The Brennan Center has a good post on its blog about how the problems in state and Federal databases, combined with lack of clarity on voter registration forms can exclude candidates from voting.
It can affect everyone… even Joe the Plumber (yes, that Joe the Plumber)
And here is an article from the ASQ website about the problems in 2000…
http://www.asq.org/advocacy/issues-actions/20041029electionprocess.html
This article (again from the Washington Post) suggests to me some ‘concerns’ in Virginia about electronic voting amongst other things.
http://www.washingtonpost.com/wp-dyn/content/article/2008/10/30/AR2008103004224.html
Cripes… this story I found on rawstory.com is a bit worrying.
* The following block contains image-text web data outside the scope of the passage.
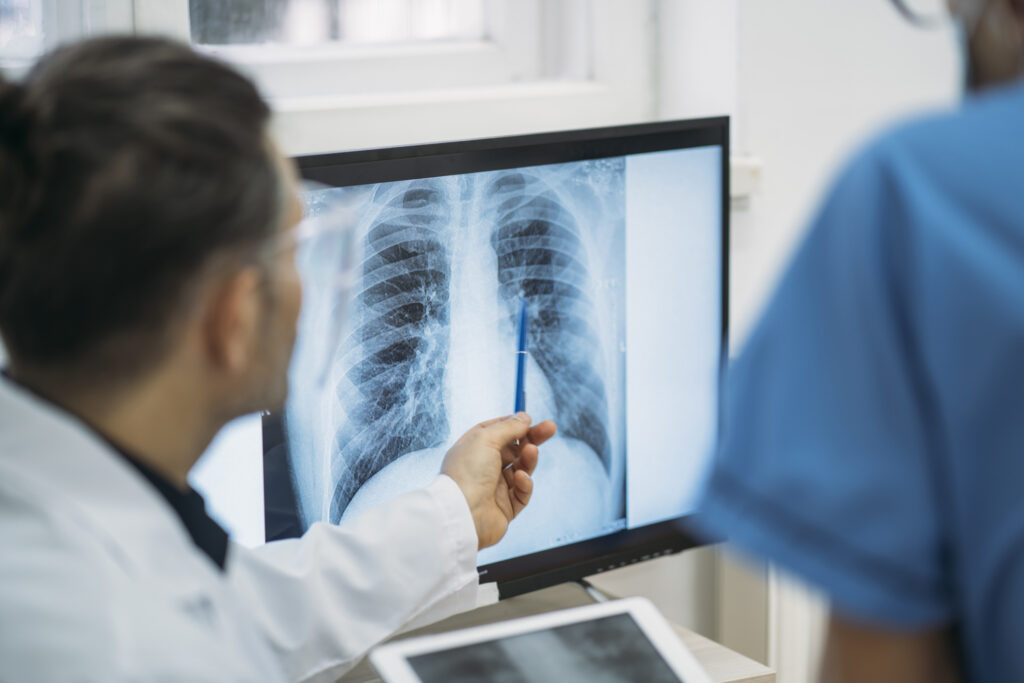 Doctors analysing radiological chest x-ray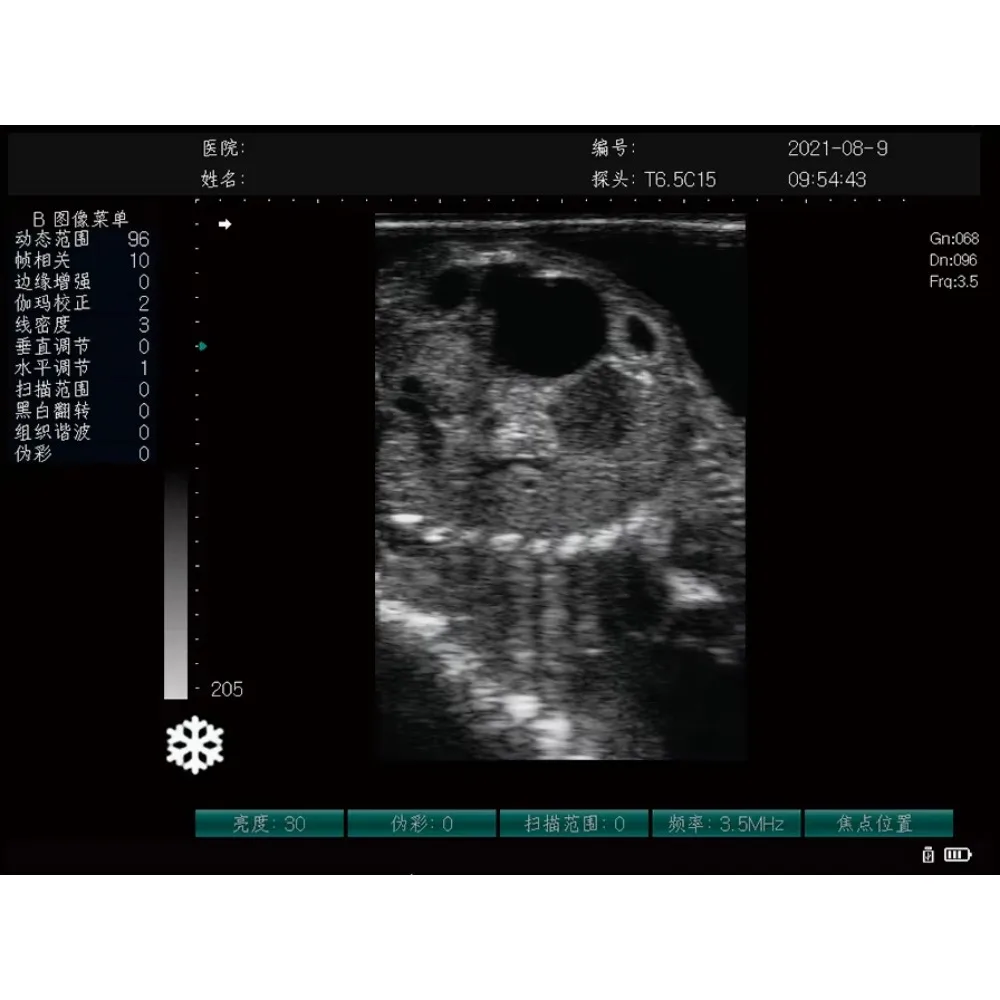Human medical black and white ultrasound machine, black and white ultrasound machine price, portable veterinary scanner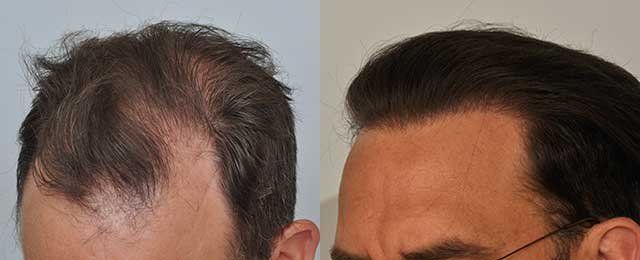 phoca_thumb_l_patient-smp-before-after-left-side-dry-hair_zpsbmo08xxr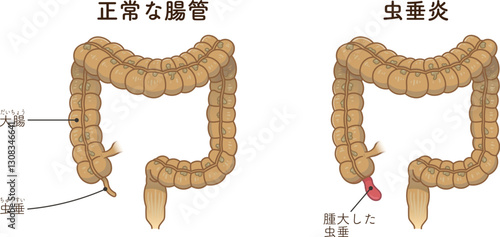 虫垂炎のイラスト appendiciti illustration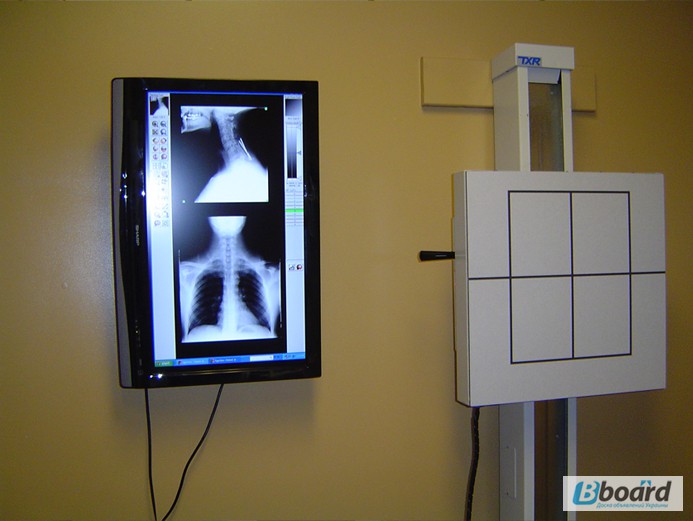 Цифровой ССD приемник рентген графического изображения, новый
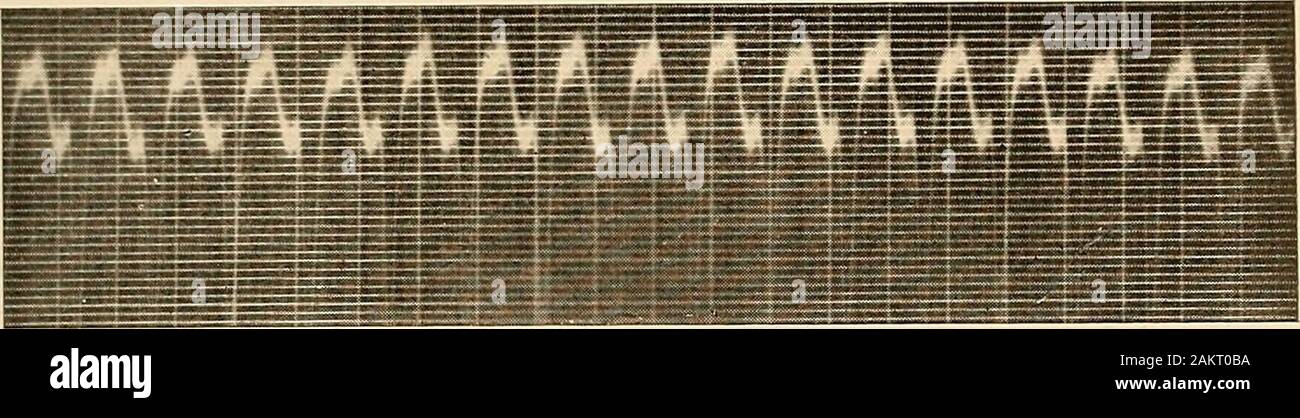 Klinischen Elektrokardiographie., submergethe Sinusfrequenz und flattern. Dass eine solche Funktionale pathologyexists ist jedoch offensichtlich. Wir haben keine Hinweise, dass fluttercan rein von neurogenen Ursprungs sein. Der elektrokardiogramme von Flattern werden von theextremely Schnelle congelador Rate geprägt, mehr als 200 pro Minute, und byinversion der Congelador P-Welle. Teilweise Herz-Block ist auriculoventricular usuallypresent, das Verhältnis von 2:1 bis 5:1; gelegentlich Paroxysmus vom 1:1-Verbindung auftritt, und wieder, komplette Herz - Block vorhanden sein können. Abbildung 51 zeigt den Mechanismus in der Grippe Stockfoto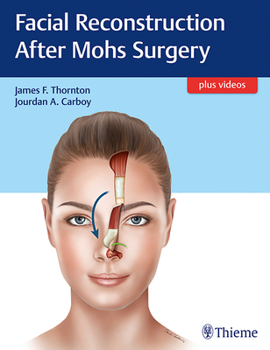 Hardcover Facial Reconstruction After Mohs Surgery Book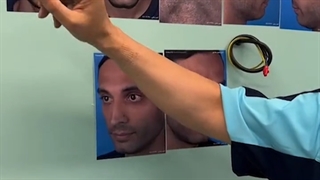 نتیجه عمل رینوپلاست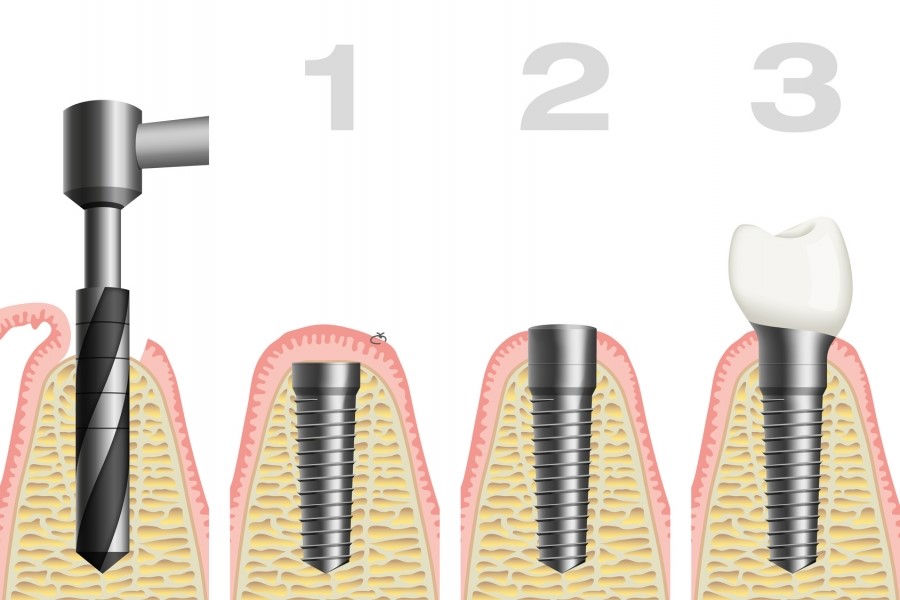 7 - لق شدن ایمپلنت دندان | دلایل و روش های پیشگیری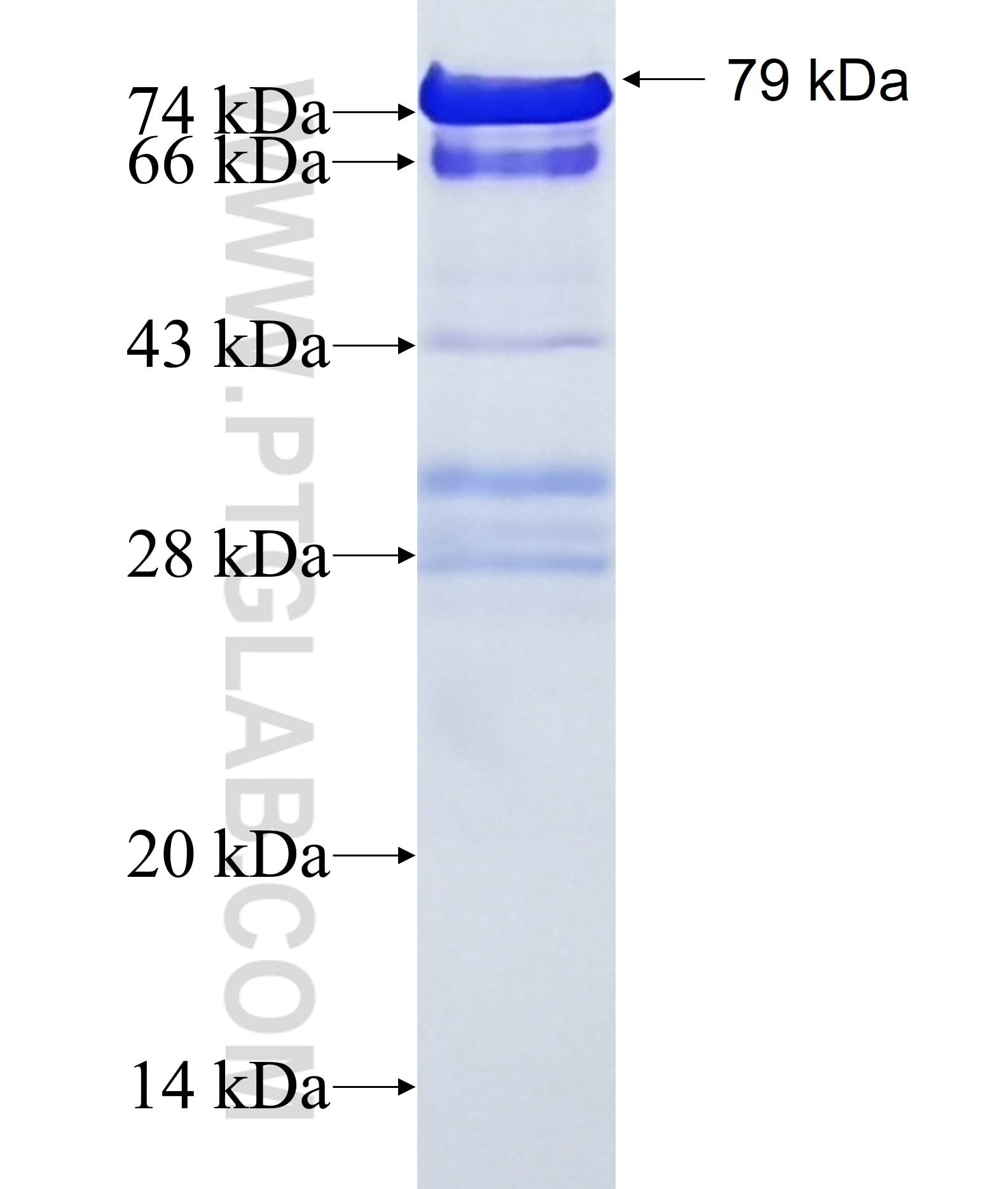 PHACTR2 fusion protein Ag18610 SDS-PAGE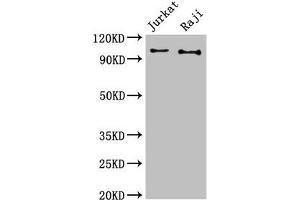 Western Blot Positive WB detected in: Jurkat whole cell lysate, Raji whole cell lysate All lanes: CBL antibody at 3 μg/mL Secondary Goat polyclonal to rabbit IgG at 1/50000 dilution Predicted band size: 100 kDa Observed band size: 100 kDa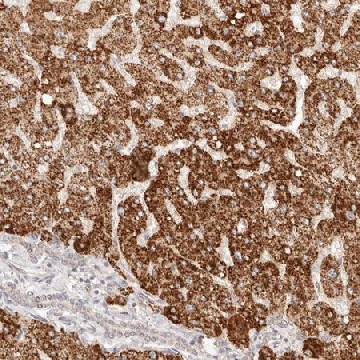 Anti-IL1R2 antibody produced in rabbit，100UL，HPA027597-100UL，Sigma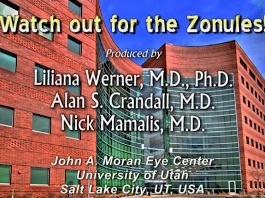 Cataracte - Attention aux zonules!
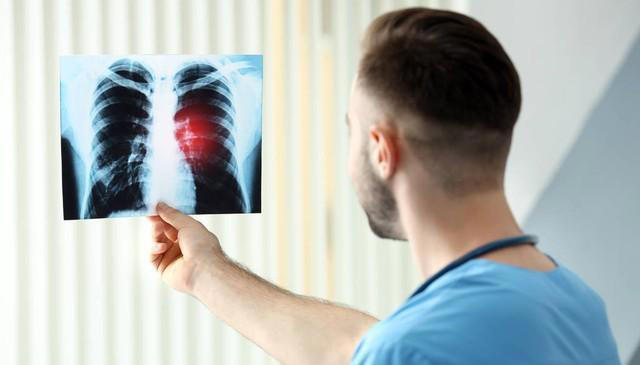 肺癌一查就是晚期？其实双腿早早给了提示！有4个迹象，需早检查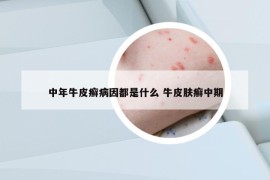 中年牛皮癬病因都是什么 牛皮膚癬中期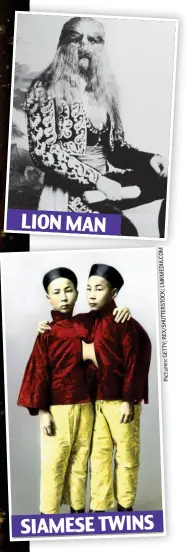  ??  ?? SIAMESE TWINS LION MAN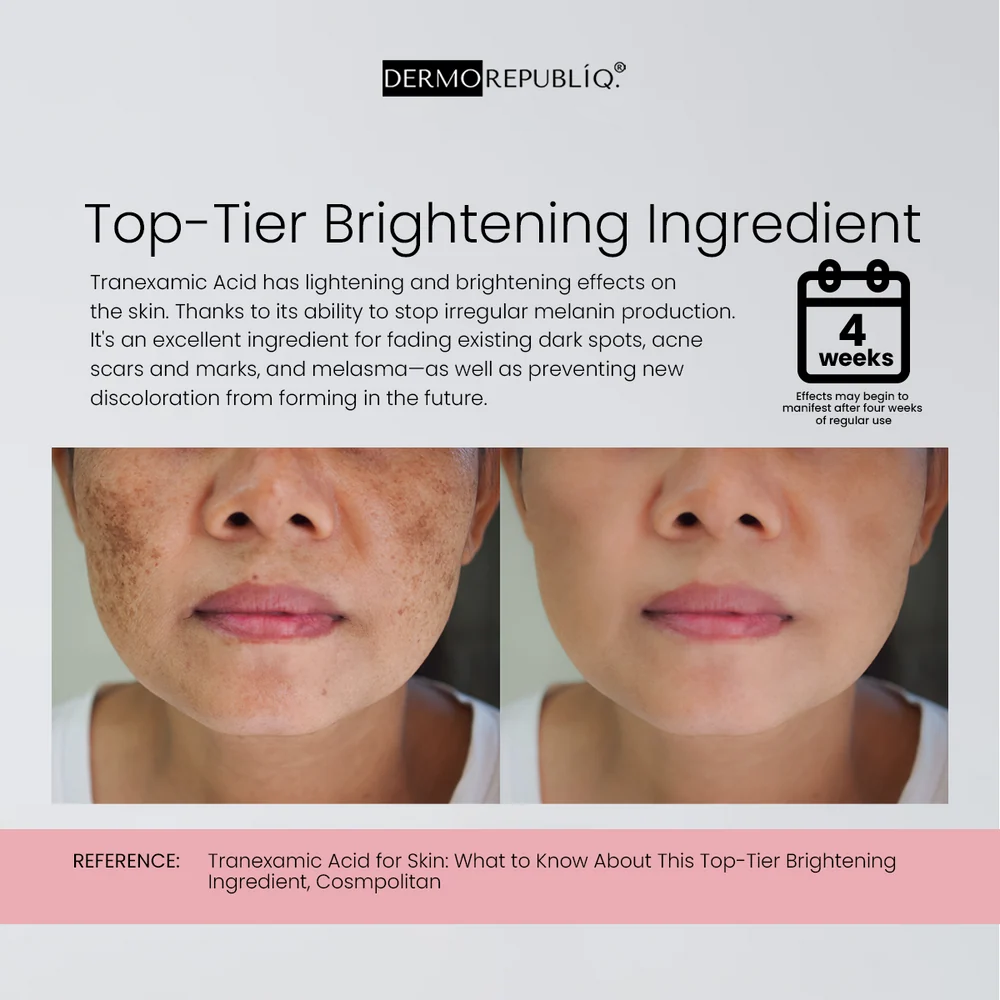 Dermorepubliq 10% Niacinamide Ultra White Formula Serum - 30ml
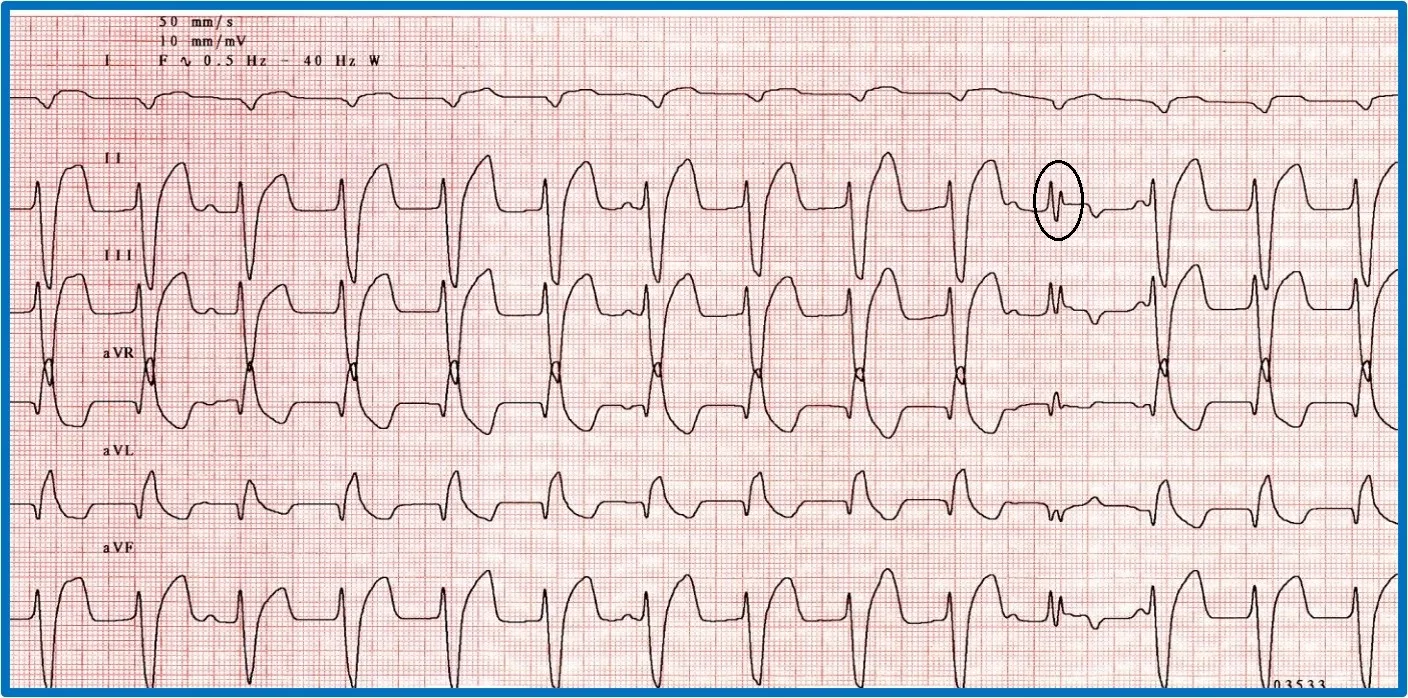 Figure 10A: A 6-lead ECG showing sustained tachycardia. Figure 10B: A 6-lead ECG showing an accelerated idioventricular rhythm and a circled fusion beat. 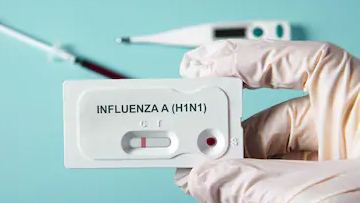 Novel Influenza A (H1N1) Laboratory Testing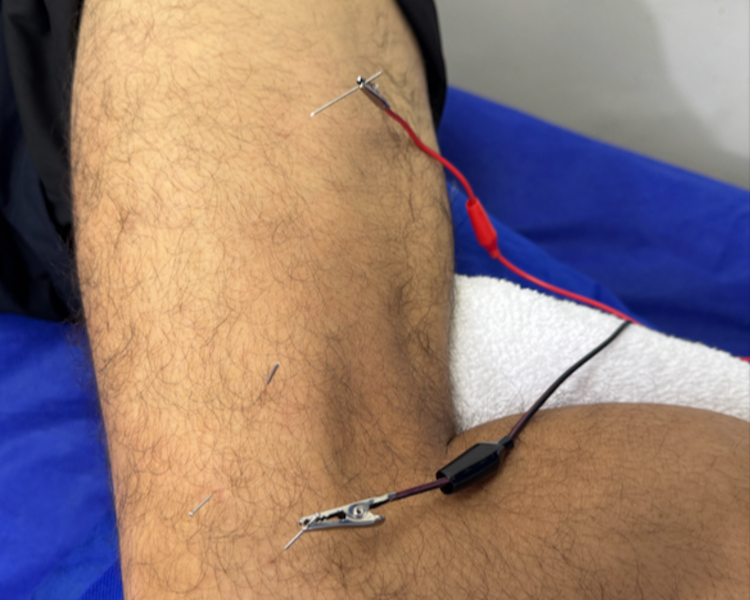 Terapia con Punción   Seca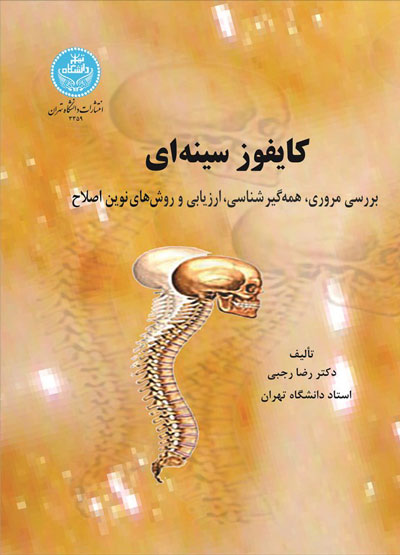 پایانه - کایفوز سینه  ای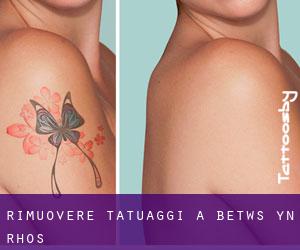 Rimuovere Tatuaggi a Betws-yn-Rhôs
It highlights the importance of quality of information design as part of any information quality process.
http://rawstory.com/rawreplay/?p=2316
As I understand the US public registration of citizens – and also the Irish – you can have a row with your name, address and birthday in several different registers, like an Electoral Register, a Driver License Register, a Social Security Register and so on. And then of course the names, addresses, birthdays could differ between these registers.
How to fix this is one of the first things you learn about data modelling, and also a core practice in Master Data Management. What you do is having one register with a unique key for each person born in, moving to, working in a country. Name, address, birthday, gender, nationality will be obvious attributes. Then electoral authorities, driving license issuers, social security administration may have additional information needed for their specific area, but always referencing a citizen with the unique key – and thereby having name, address and birthday from the master.
I know I am very naïve disregarding constitutions, politics, traditions, and so on, but as said, this is basicly how it have been working in Denmark for 40 years now.